The story of Hans Geibenrath’s journey toward maturity marks the beginning of Hermann Hesse’s infatuation with the topic. Despite lacking the depth and range of Demian, Beneath The Wheel explores the concept at a truly accessible level. Hesse’s brilliant and poetic style, though kept in relative check through this book, adds to the sheer pleasure of turning these pages.
Hesse explores three major crossroads in Hans’ journey.
First, the academy, and the social institution of scholarship and its general policies, plows irreverently across Hans’ road and he speeds to his right and left chasing the glories of academic fertility. Alongside him, schoolmasters, instructors, priests and parents zoom by with dust, debris and the occasional body spitting behind their vehicles. Hesse sarcastically impales these people and accuses them of repressing the liquor of curiosity naturally imbibed in youth. They tirelessly spark ambitious conceit within the child’s breast and feed the flame of their own pompous self-worth. Split from nature and the instinctive inclination to indulge in youthful fascinations, Hans excels in the world of academia but drowns in the muck of arrogance and reckless ambition.

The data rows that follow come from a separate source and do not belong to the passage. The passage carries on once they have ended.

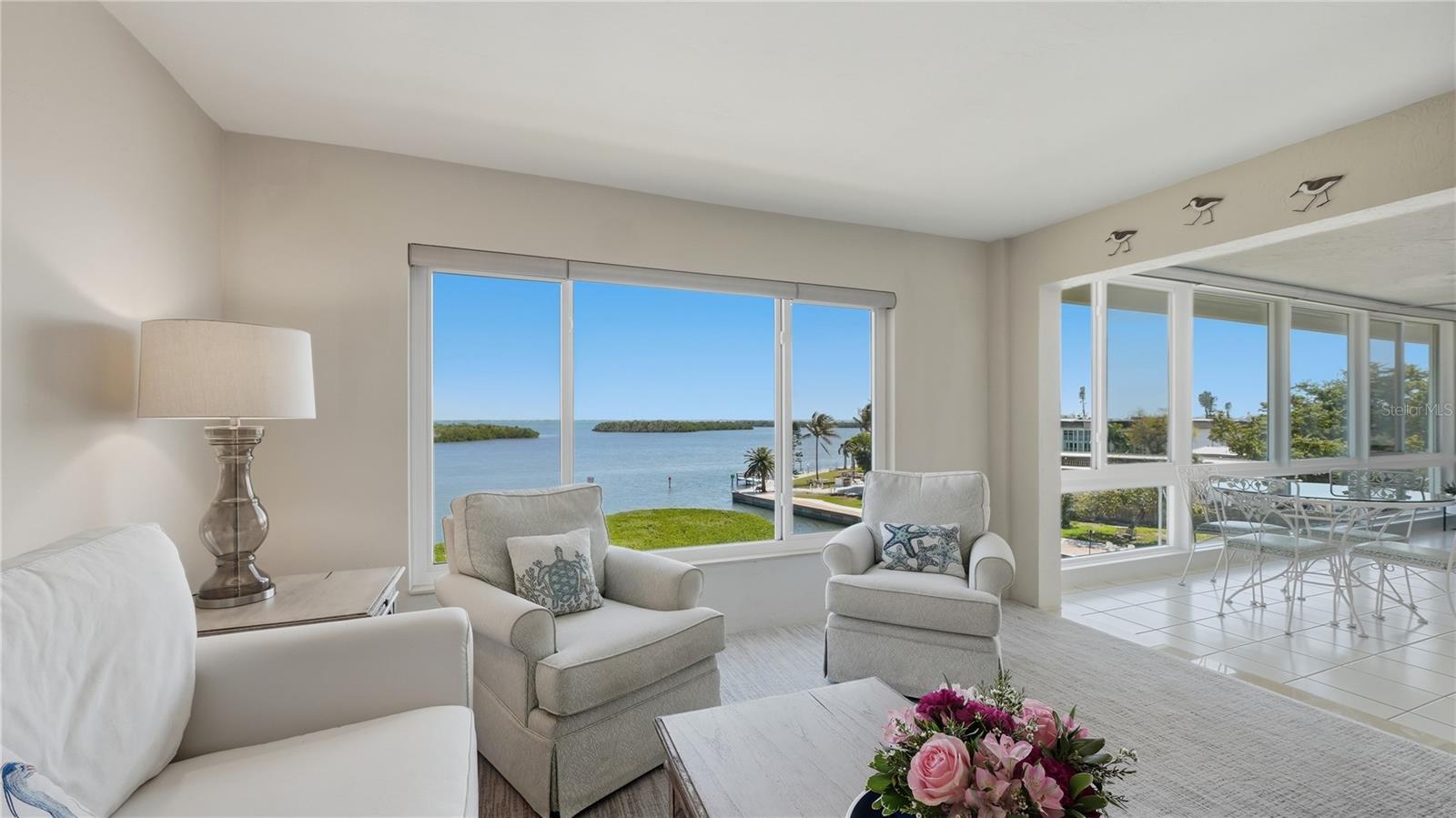 WINDWARD BAY AMD - Residential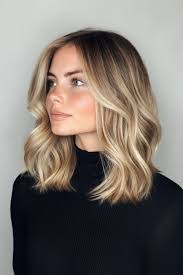 Danielle Ayres's Instagram, Twitter & Facebook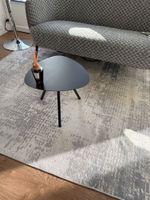 Canapé et fauteuil en tissu gris, table d’appoint en métal l… (photo 3)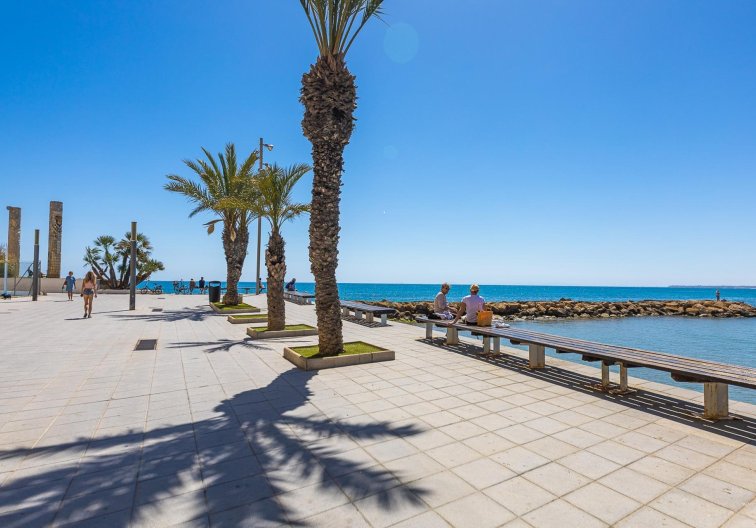 Resale - Apartment - Torrevieja - Playa del Cura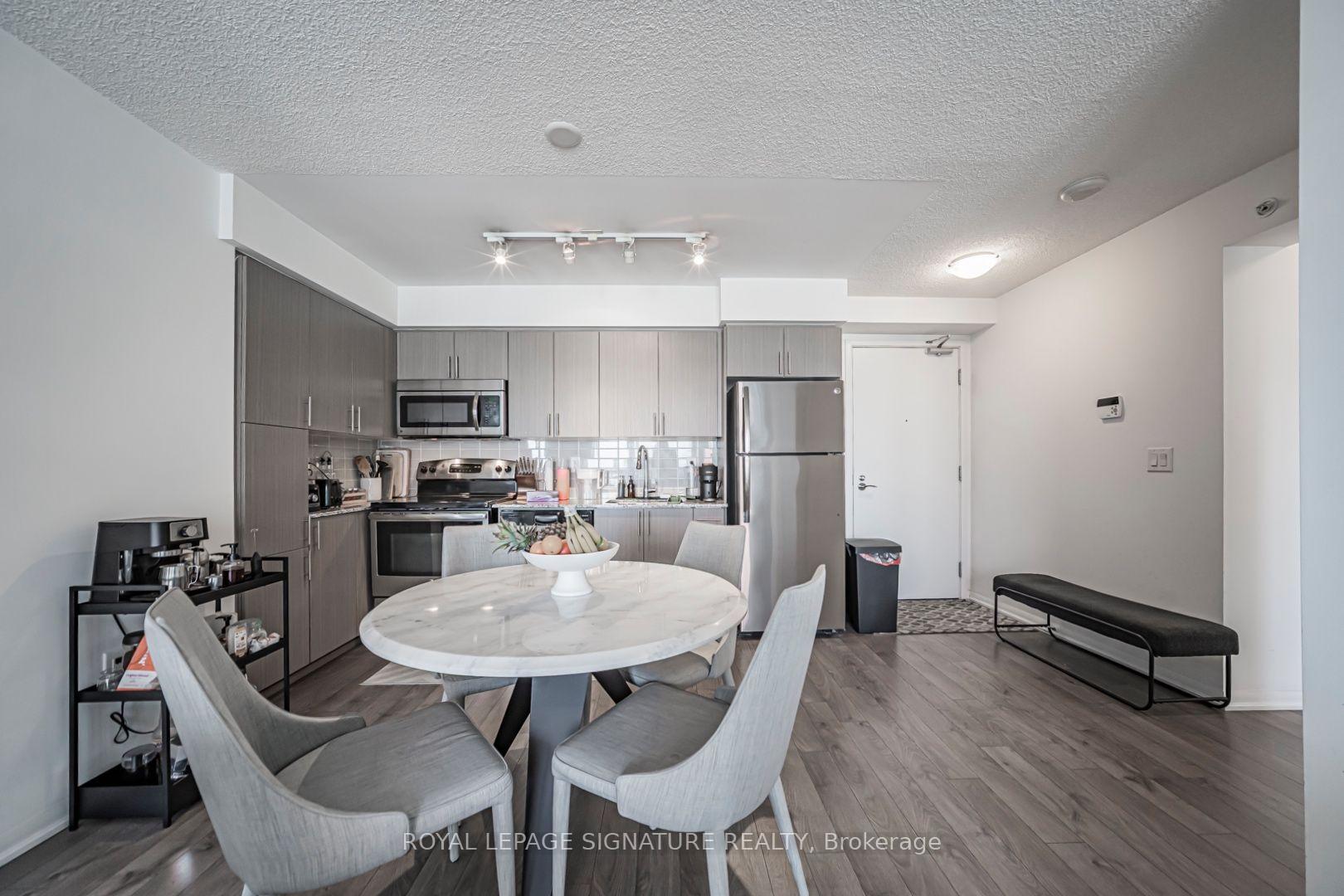Photo 6 of Unit 1017, 830 Lawrence Avenue W, North York, Yorkdale-Glen Park — HOMEH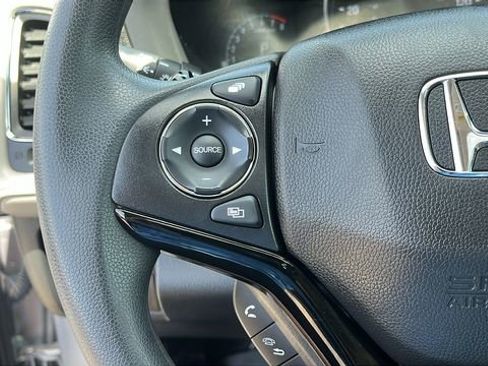 Used 2020 Honda HR-V EX image 12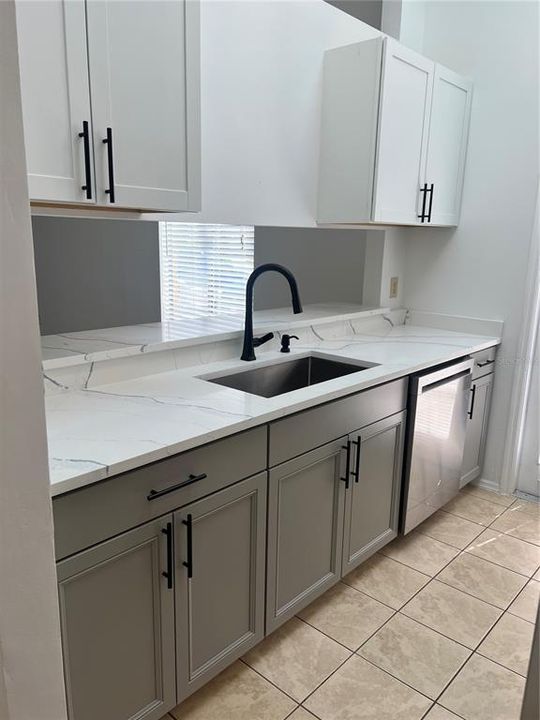 For Sale: $188,609 (3 beds, 2 baths, 1081 Square Feet)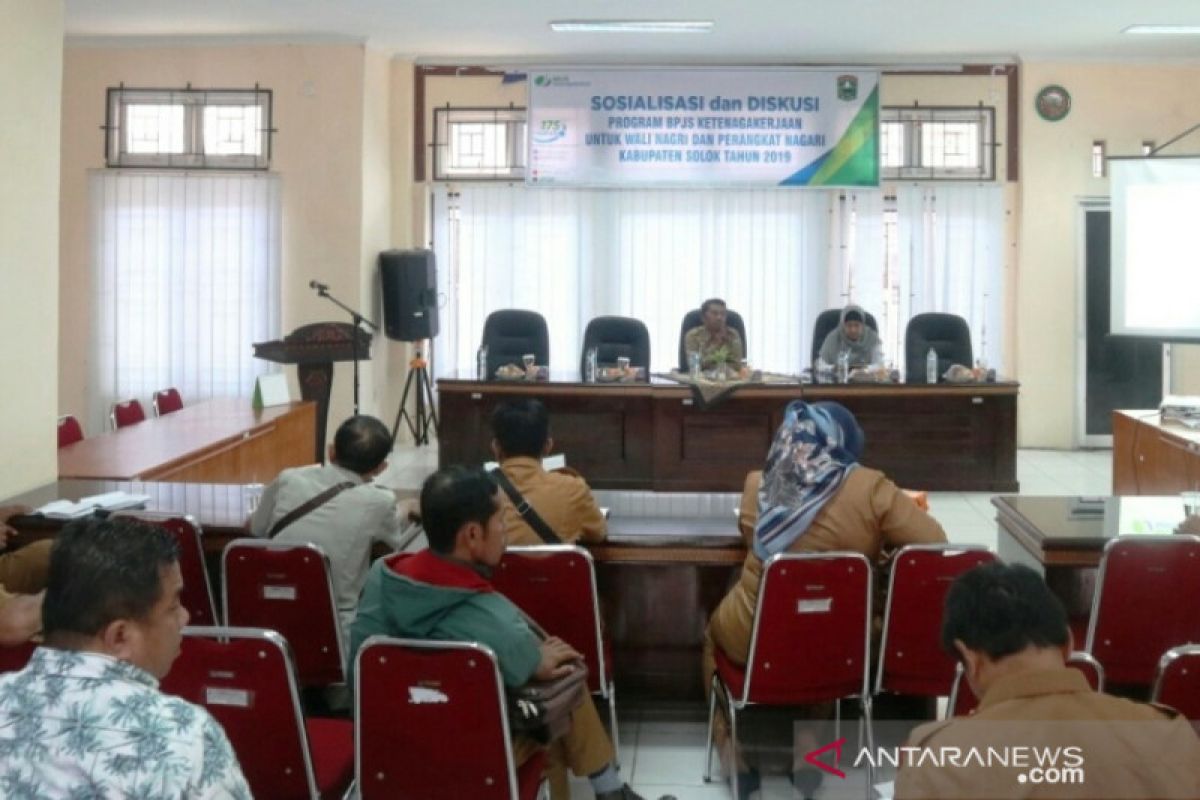 BPJS Ketenagakerjaan beri edukasi tentang jaminan sosial kepada wali nagari di Kabupaten Solok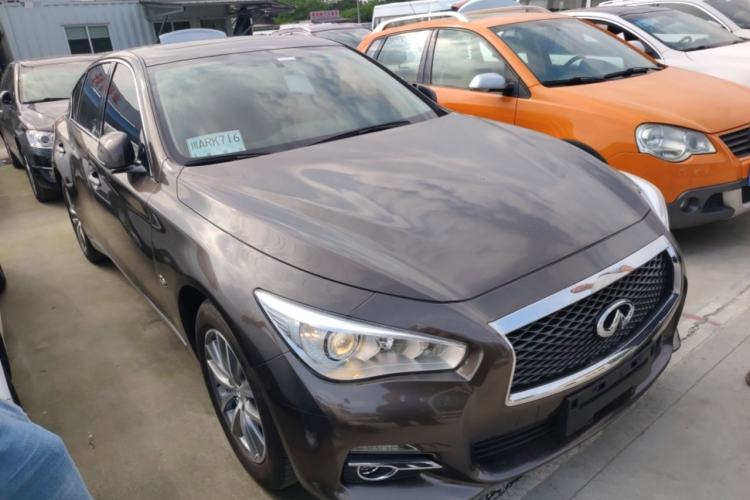 Used Infiniti Q50L 2015 2.0T Comfort Edition Front Right 45 Deg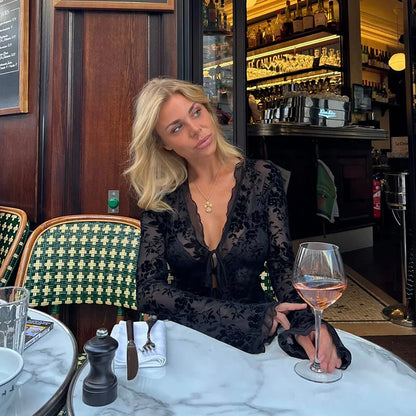 Autumn New Fashionable Chiffon Slim Fit Ruffle Trumpet Sleeve Shirt for Women.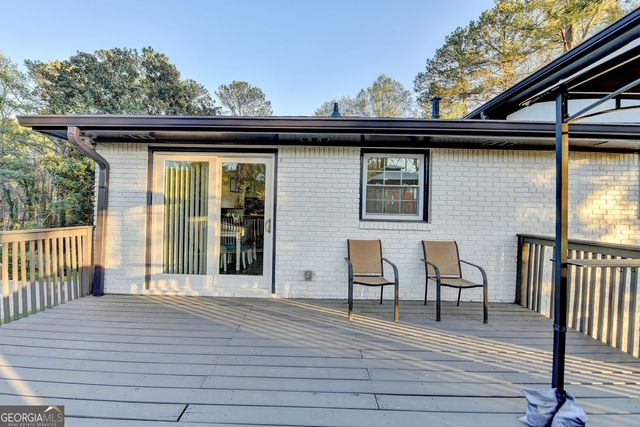 4087 Signal Ridge SW, Lilburn, GA 30047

But Hans cannot escape the natural influence of his peers and eventually gives up scholarly politics and continues along his road. Suddenly, and quite beyond his control, love, or its physiological affectation, intersects his path seemingly from behind. Unlike the academic realm, the fork leading to love cannot be avoided and he cannot turn about and resume his journey from the road he had once traversed. This compulsive turn had revived him, had opened his heart to a very primal physiological state quite opposite from the mental fortifications he had built throughout his youth.
He approaches the last crossroads, filled at every corner with riotous drunkards and cigar-puffing hyenas herded together according to their crafts. The people he had once scorned and at whose existence he had scoffed at, the people he had loathed, who had motivated him to escape their vocational fate, living their kind of deplorable life as base workers and laborers, artisans and tradesmen, now transformed into a kind of living knowledge. Hans saw them now, though through a drunken haze, as men who chose to live what others chose to study from the wall. And beyond this intersection, Hans might have seen his destiny beneath the wheel – grinding down the path of his life under the gloomy routine and dull anguish of the machinist and locksmith.